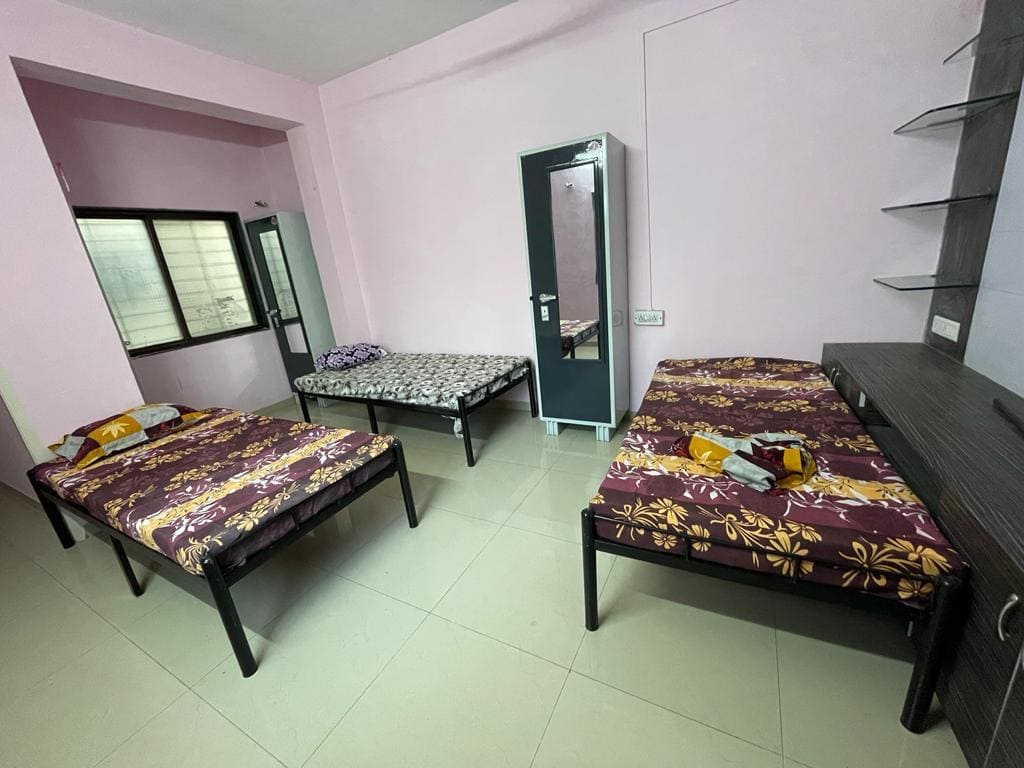 Properties Details 4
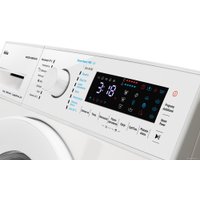 Стиральная машина Amica WA2S612BKiSJH в Гродно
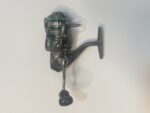 CARRETE BRAVE LITE 1000 TRABUCCO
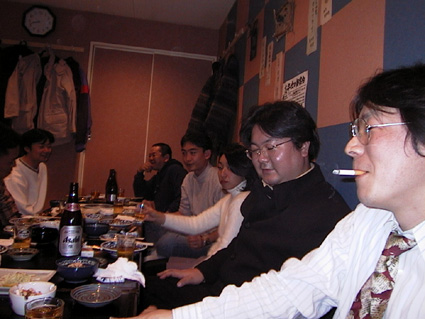 Original image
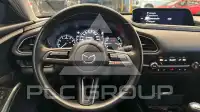 2022 Mazda CX-30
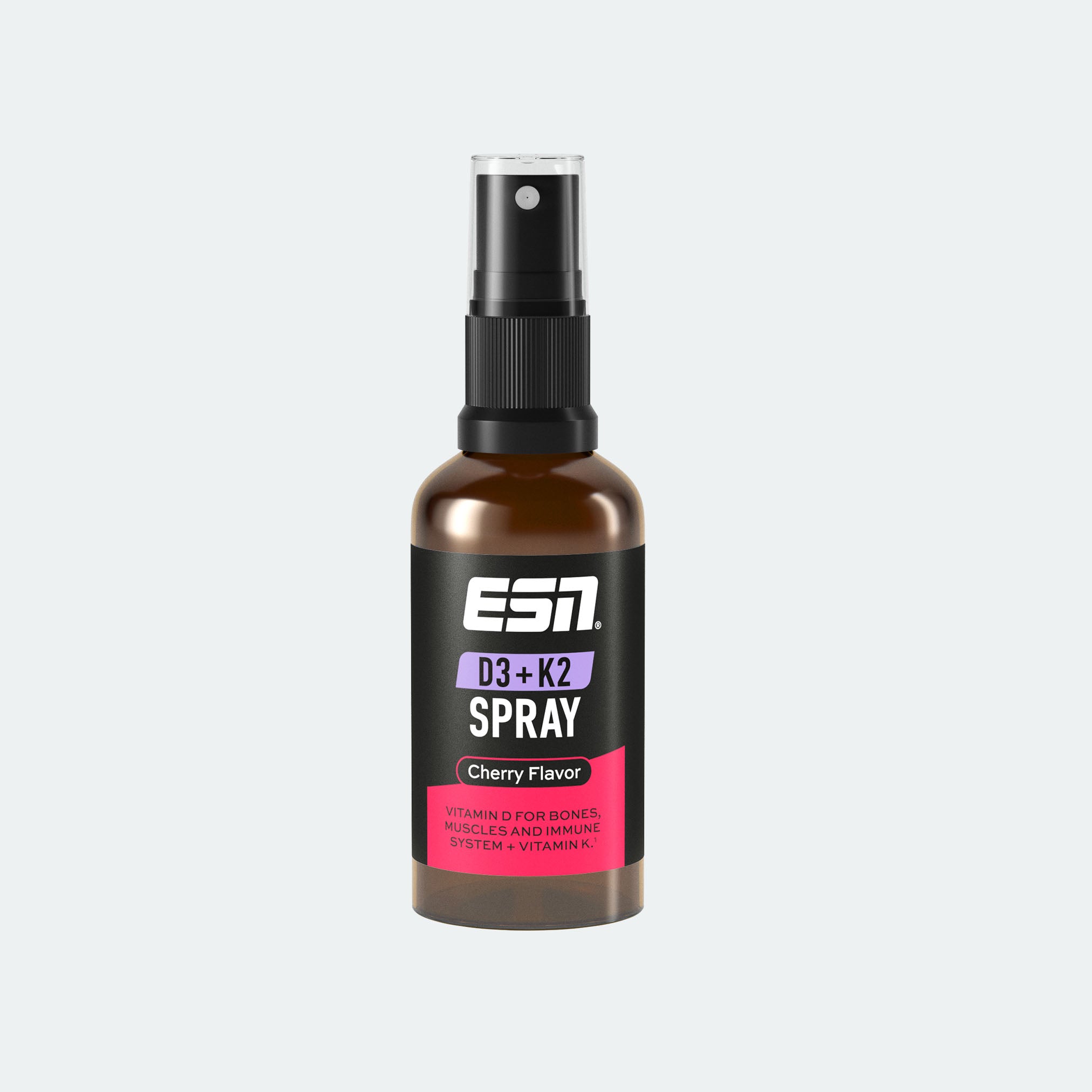 esn-vitamin-d3-k2-spray-mundspray-daily image 1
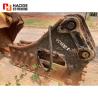 Buy cheap Used Komastu Excavator 360 Komastu Tracked Digger Secondhand 36t Original Japan from wholesalers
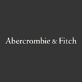 Abercrombie & Fitch
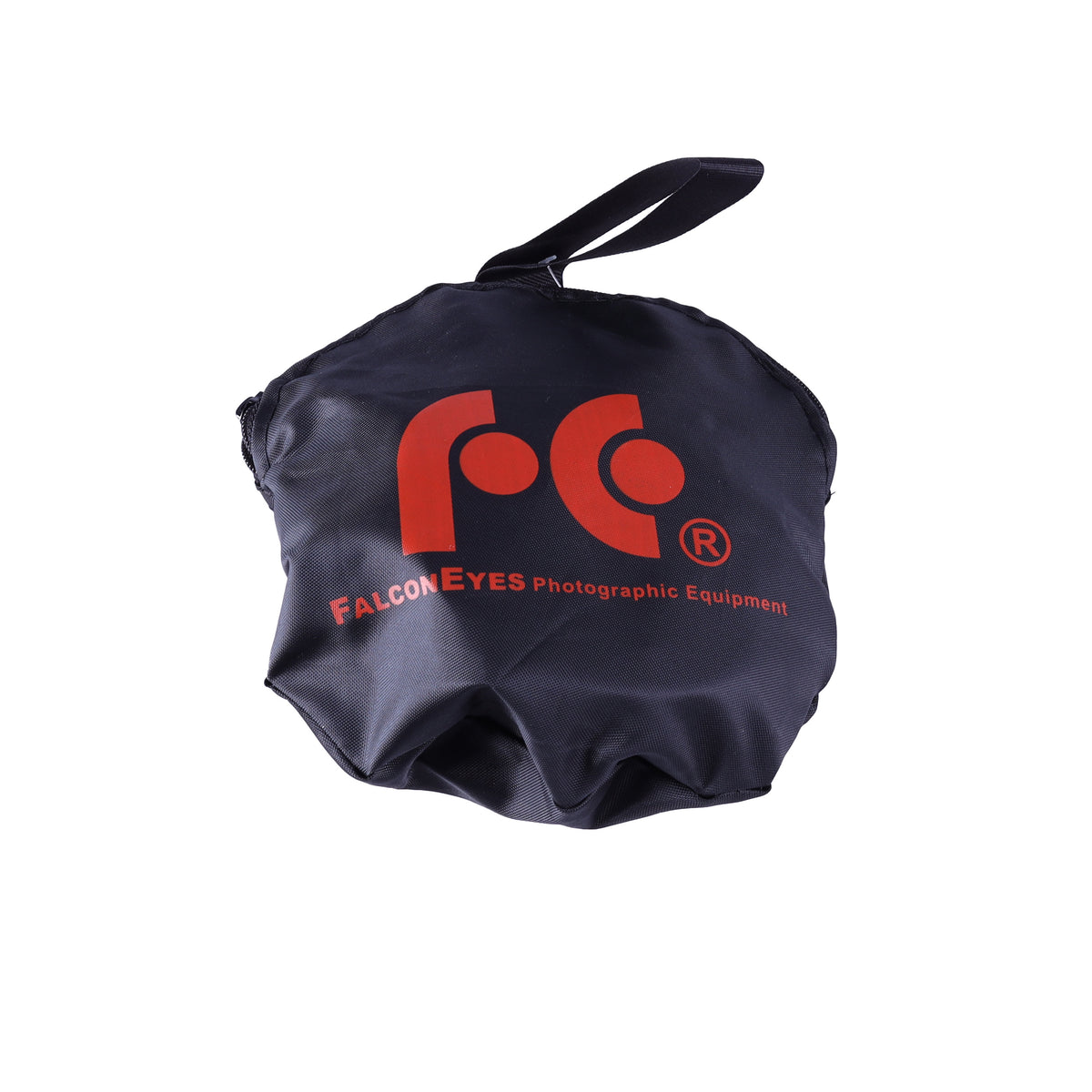 Falcon Eyes Speedlite Diffuseur pour Flash de Caméra MR-0912T — 5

····················

→ Exercise instructions: Each entry shown above must be quoted exactly, with its pictures left out.

→ Solution to the exercise:
 Properties Details 4
 Стиральная машина Amica WA2S612BKiSJH в Гродно
 CARRETE BRAVE LITE 1000 TRABUCCO
 Original image
 2022 Mazda CX-30
 esn-vitamin-d3-k2-spray-mundspray-daily image 1
 Buy cheap Used Komastu Excavator 360 Komastu Tracked Digger Secondhand 36t Original Japan from wholesalers
 Abercrombie & Fitch
 Falcon Eyes Speedlite Diffuseur pour Flash de Caméra MR-0912T — 5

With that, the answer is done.